1. Fourth-Quarter Profit and Revenue Beat

Levi Strauss & Co. (SGLJF) reported adjusted earnings of $0.41 per share for the quarter ended November 24, surpassing analysts’ consensus by $0.02 and marking the third consecutive quarter of upside surprises. Revenue growth was driven by solid performance in key regions, with North America sales rising by 4% year-over-year and EMEA markets contributing a 3% increase. The stronger-than-expected results underscore the company’s ability to navigate a volatile retail environment and maintain positive momentum in its core denim business.

2. Direct-to-Consumer Growth Counters Wholesale Sluggishness

The company’s direct-to-consumer (DTC) segment delivered a 9% increase in net revenues, reflecting ongoing investments in e-commerce, store remodels and loyalty programs. This growth offset a 2% decline in wholesale sales, which faced inventory destocking and cautious buying patterns at major department stores. DTC now represents 45% of total revenues, up from 40% a year earlier, highlighting the strategic shift toward higher-margin channels and deeper customer engagement.

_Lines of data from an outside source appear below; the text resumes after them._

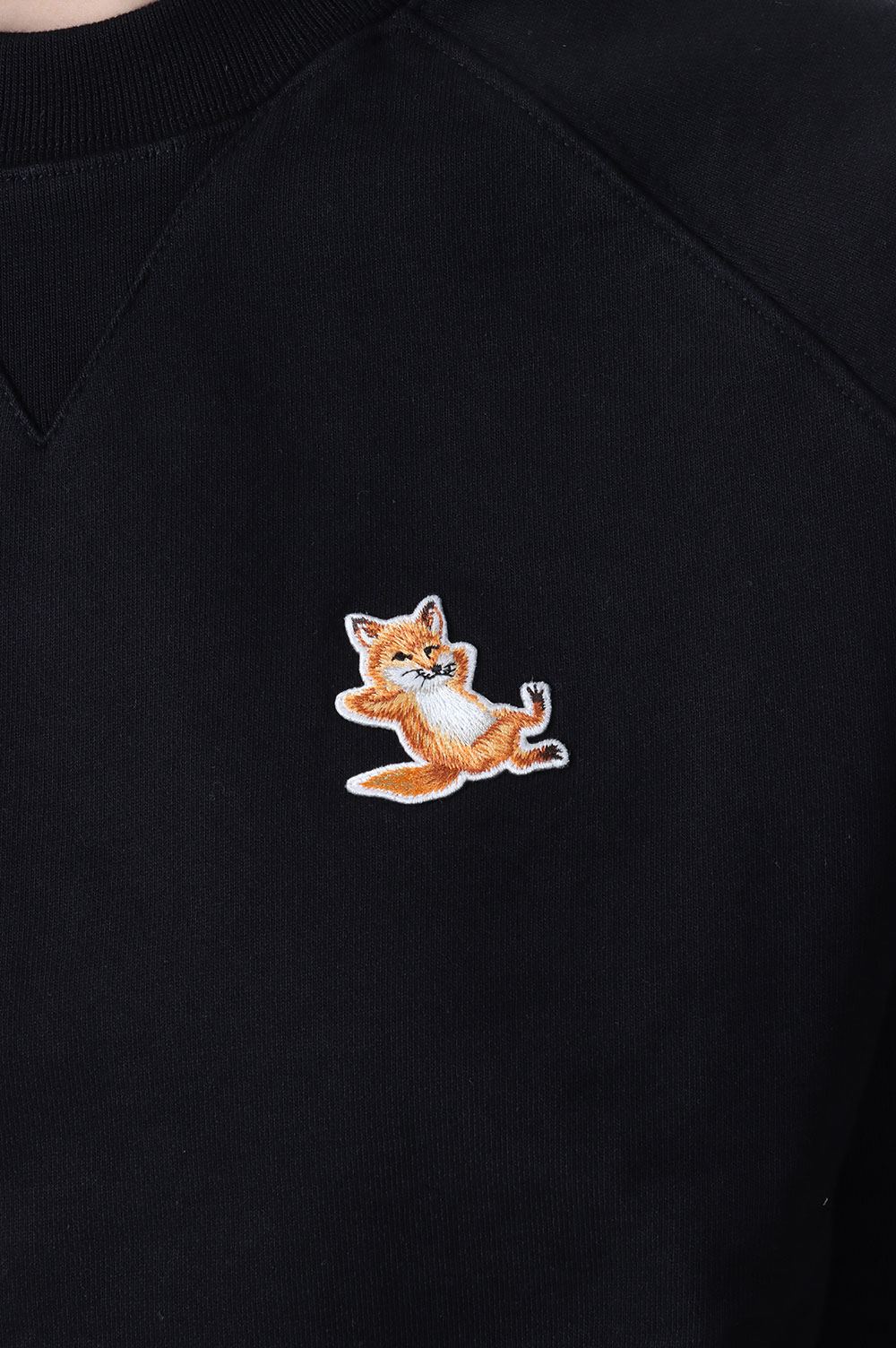 スウェット CHILLAX FOX PATCH CLASSIC SWEATSHIRT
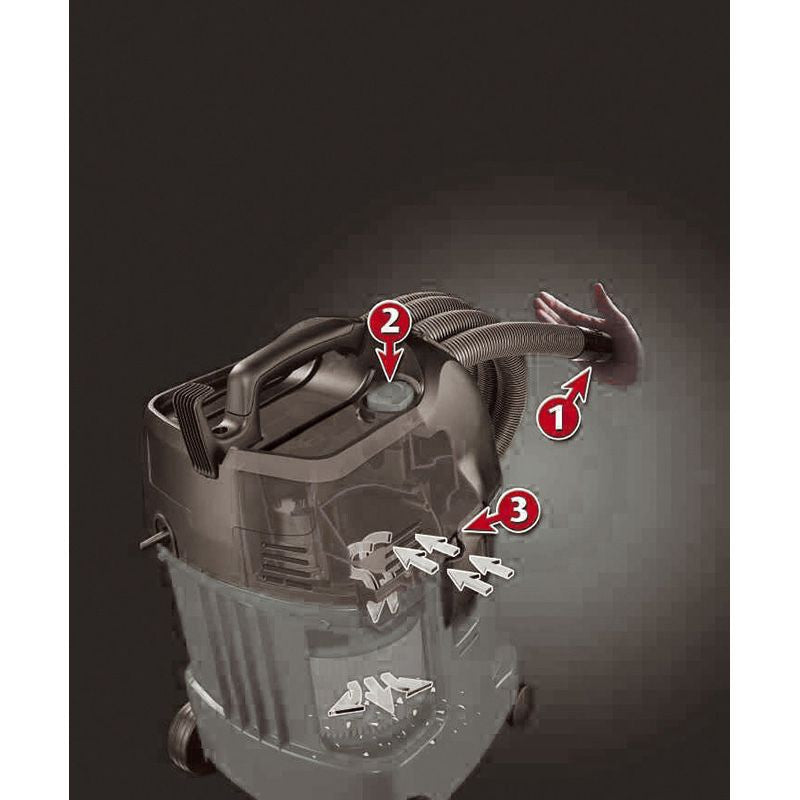 Aspirateur dcp 25 20405020 sidamo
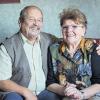 Kurt und Marga Backhaus feiern Goldene Hochzeit.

3. Tariff Pressures and Margin Outlook for FY26

Despite tariff headwinds on imported denim, Levi sustained gross margins in the low 60% range for the quarter, in line with management’s guidance. The company reiterated its full-year FY26 outlook, forecasting flat gross margins and a modest expansion in EBIT margin driven by ongoing productivity improvements, supply-chain efficiencies and cost discipline. Investors will be watching closely for confirmation of these targets as the company refines its operational model and continues to sharpen its product lineup following the divestiture of non-core brands.